Let's first use the standard least-squares model against the new data.

 > $\mathrm{NewProfitEstimatesUsingStandardLS}:=\mathrm{NewData}.\mathrm{StandardLS}:$
 > $\mathrm{Correlation}\left(\mathrm{NewProfit},\mathrm{NewProfitEstimatesUsingStandardLS}\right)$
 ${0.710550589496143}$ (4)

It is clear that the model suffers from overfitting against spurious parameters in the original data set.

 > $\mathrm{NewProfitEstimatesUsingPredictLS}:={\mathrm{NewData}}_{..,\mathrm{SignificantProperties}}.\mathrm{PredictLS}:$
 > $\mathrm{Correlation}\left(\mathrm{NewProfit},\mathrm{NewProfitEstimatesUsingPredictLS}\right)$
 ${0.948260572403935}$ (5)

The predictive model achieved a much better correlation when using new data.

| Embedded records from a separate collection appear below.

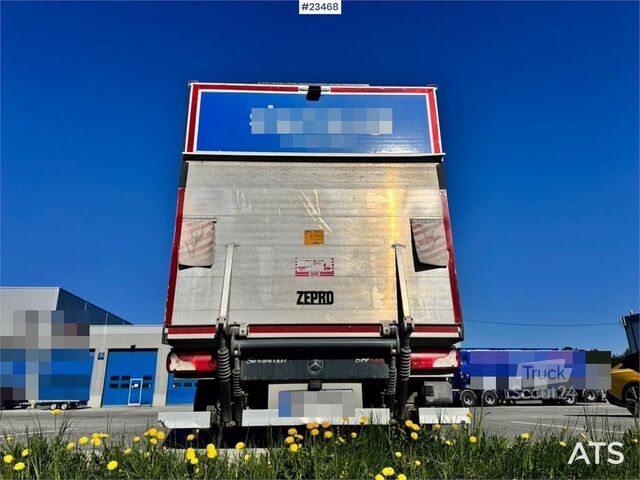 Box body Mercedes-Benz Sprinter 519 Box Van w/Tail Lift – Shelving – 2 Se
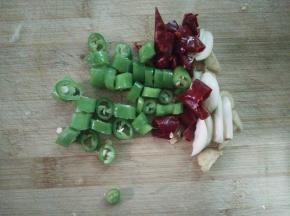 1.海带节提前泡一下切块，土豆切片泡水中，姜蒜切片，干辣椒小青椒切小段备用。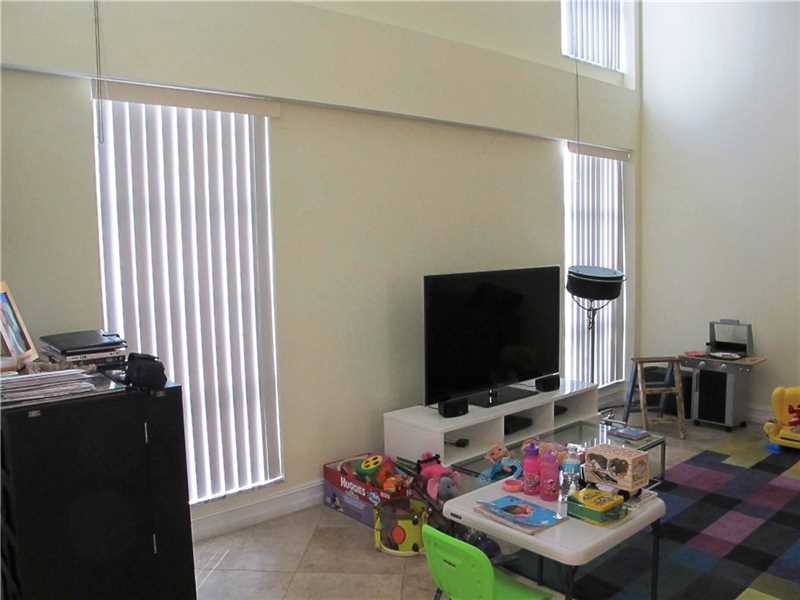 2700 Northeast 183rd St, Aventura, FL 33160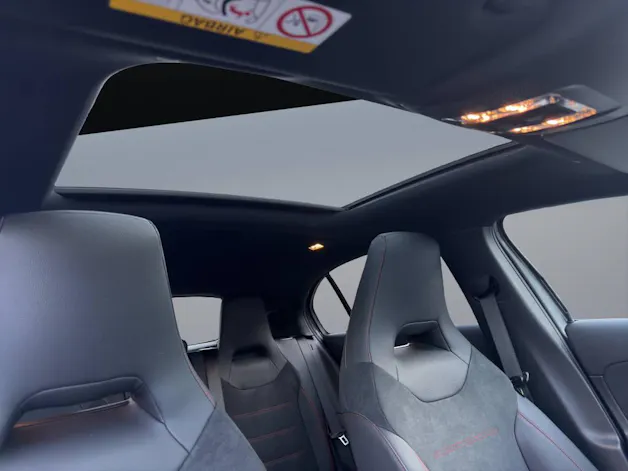 MERCEDES-BENZ A 220 AMG Line 4matic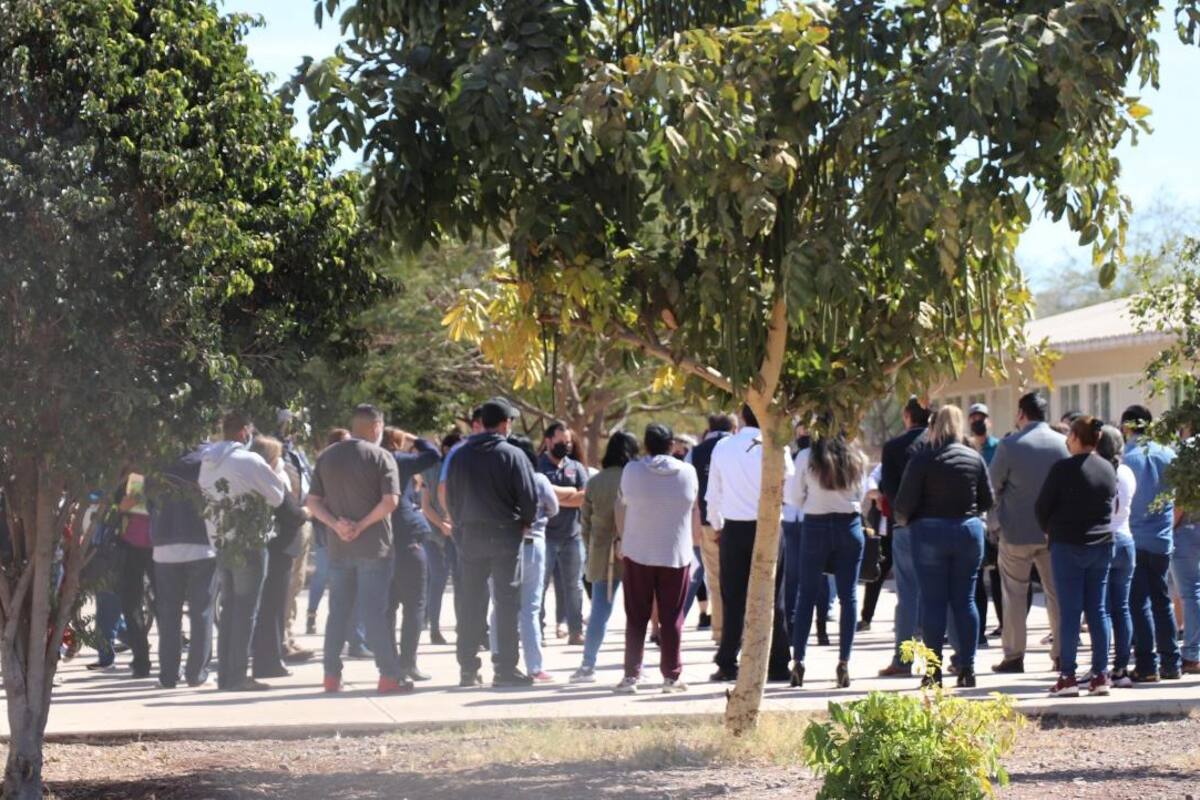 Exigen padres regreso a las aulas en escuelas de Ciudad Obregón
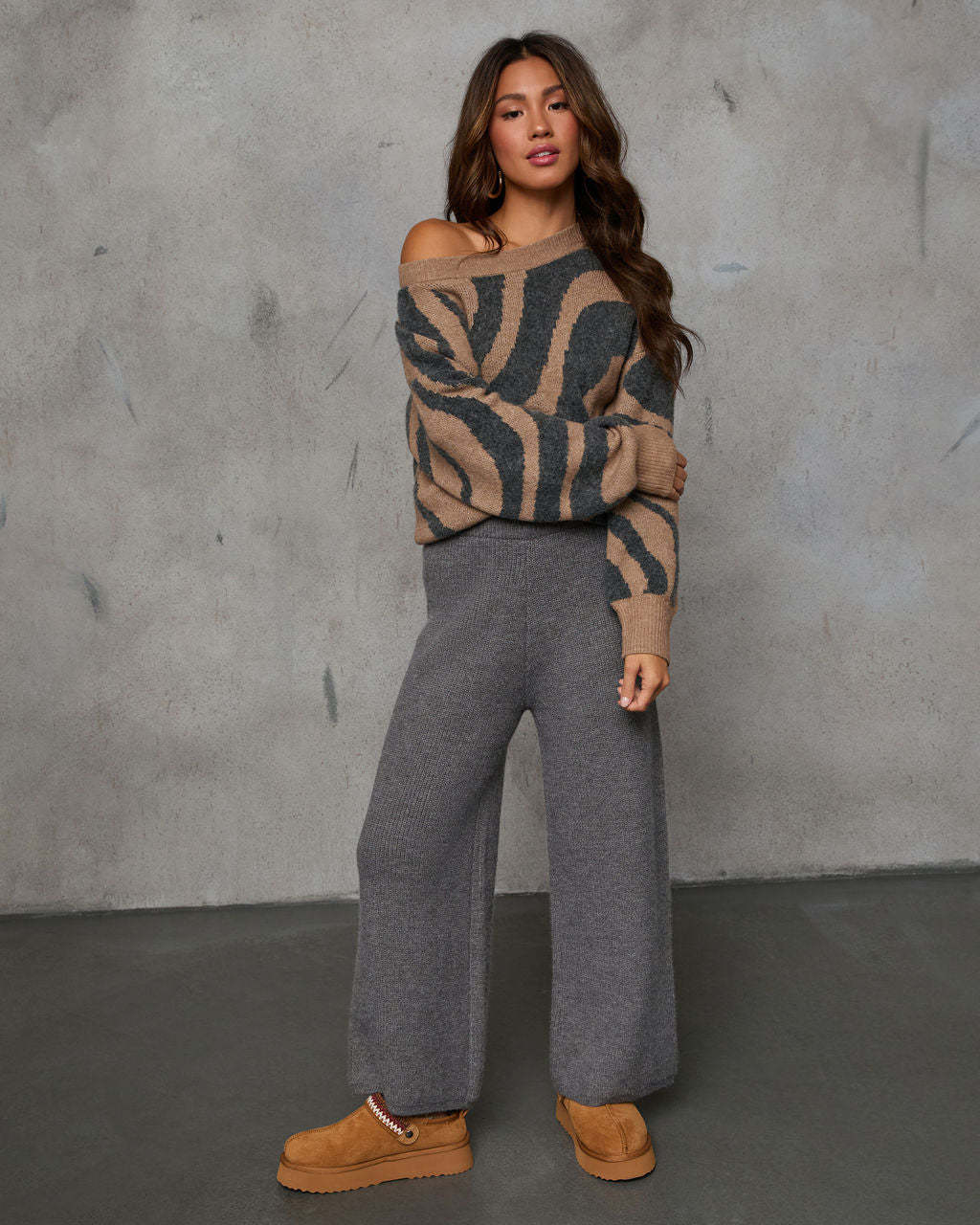 Warm Hold Abstract Pullover Sweater-Matylis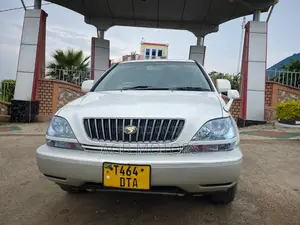 Toyota Harrier 2003 White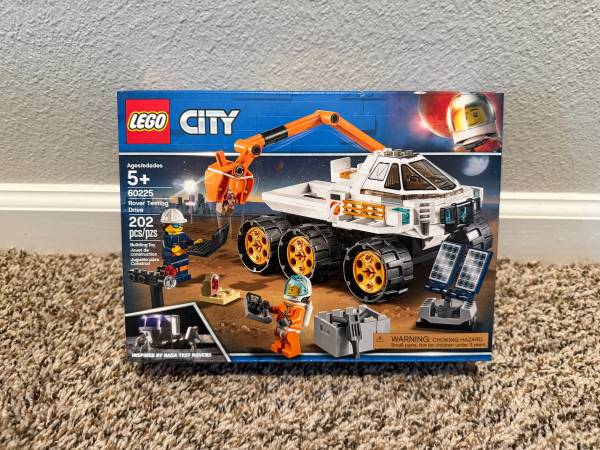 LEGO Rover Testing Drive 60225 NIB 1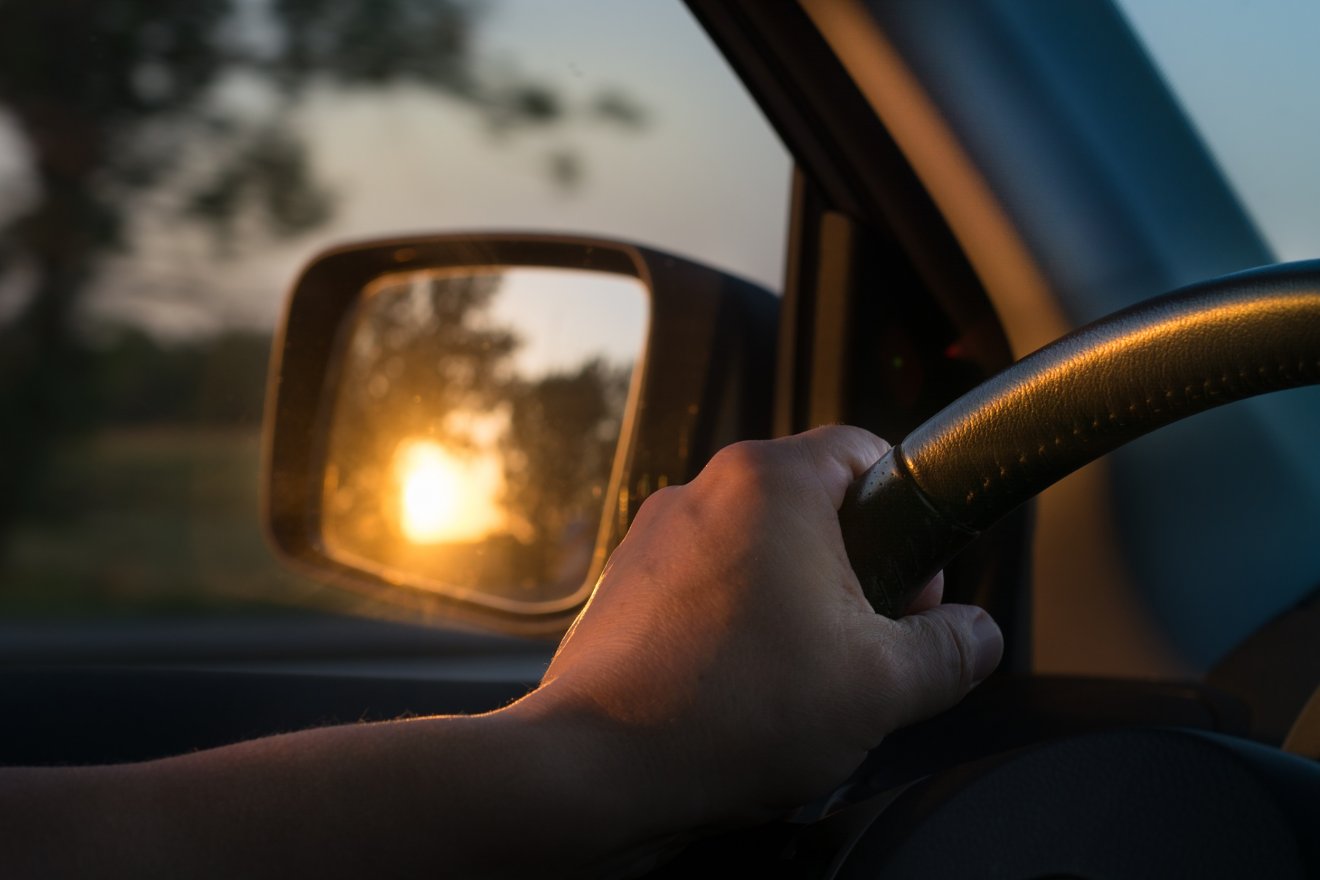 Autóban, nyáron. Hosszabb utazások előtt ajánlatos fokozottabban ellenőrizni a járművet •  Fotó: Illusztráció: Shutterstock.com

 > $\mathrm{perm2},\mathrm{sortedProfit2}:=\mathrm{sort}\left(\mathrm{NewProfit},\mathrm{output}=\left['\mathrm{permutation}','\mathrm{sorted}'\right]\right):$
 > $\mathrm{pts}:=\left[\mathrm{seq}\left(i,i=1..\mathrm{NumStocks}\right)\right]:$
 > $\mathrm{plots}[\mathrm{display}]\left(\left\{\mathrm{ScatterPlot}\left(\mathrm{pts},\mathrm{sortedProfit2}\right),\mathrm{ScatterPlot}\left(\mathrm{pts},{\mathrm{NewProfitEstimatesUsingPredictLS}}_{\mathrm{perm2}},\mathrm{color}=\mathrm{green},\mathrm{symbolsize}=15\right),\mathrm{ScatterPlot}\left(\mathrm{pts},{\mathrm{NewProfitEstimatesUsingStandardLS}}_{\mathrm{perm2}},\mathrm{color}=\mathrm{red},\mathrm{symbolsize}=15\right)\right\}\right)$ It is clear that the predictive least-squares data (green) more closely matches the actual points in black, whereas the standard least-squares data (red), which generally correlates, is much more scattered. Robust Measures of Dispersion

A measure of dispersion is a statistic of a data set that describes the variability or spread of that data set. Two well-known examples are the standard deviation and the interquartile range. Maple 17 introduces a new measure of dispersion called $\mathrm{Sn}$, originally proposed by Rousseeuw and Croux .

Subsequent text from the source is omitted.